---------- Provided material ----------

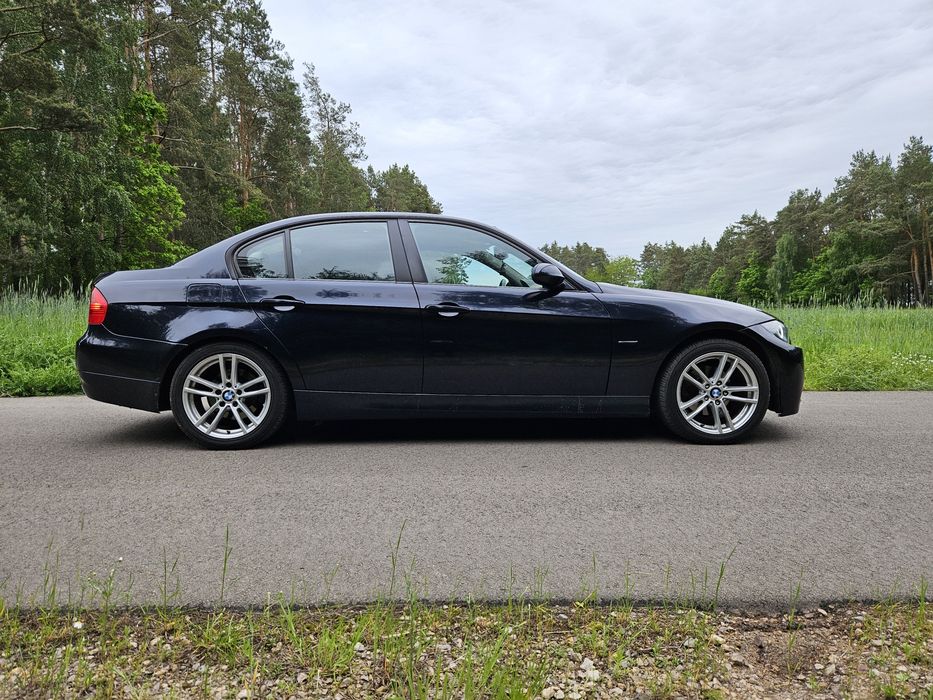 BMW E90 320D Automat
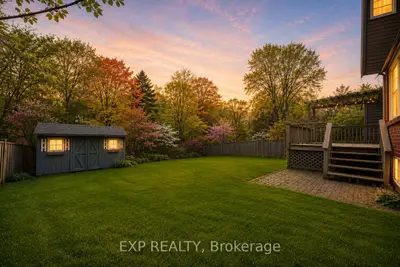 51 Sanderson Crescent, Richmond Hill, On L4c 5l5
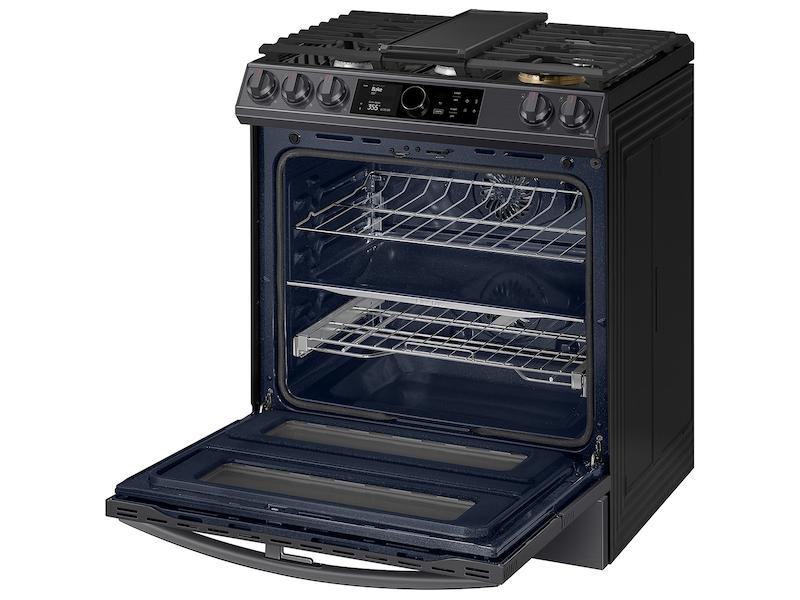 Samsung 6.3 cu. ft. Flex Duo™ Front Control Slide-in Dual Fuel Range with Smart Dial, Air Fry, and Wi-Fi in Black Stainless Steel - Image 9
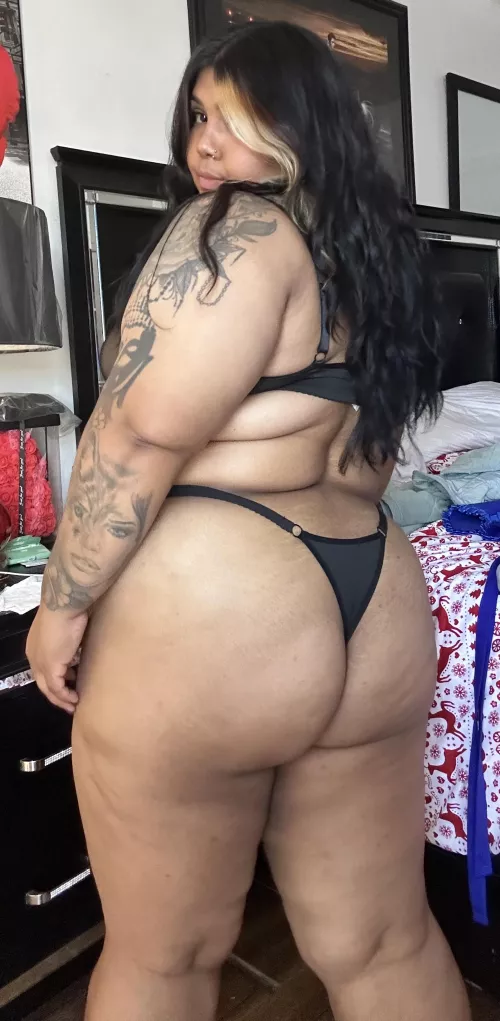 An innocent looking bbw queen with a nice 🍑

----------

▶ **Task requirements**: Reproduce the lines above letter for letter. The pictures stay behind.

▶ **Solution for this task**:
 BMW E90 320D Automat
 51 Sanderson Crescent, Richmond Hill, On L4c 5l5
 Samsung 6.3 cu. ft. Flex Duo™ Front Control Slide-in Dual Fuel Range with Smart Dial, Air Fry, and Wi-Fi in Black Stainless Steel - Image 9
 An innocent looking bbw queen with a nice 🍑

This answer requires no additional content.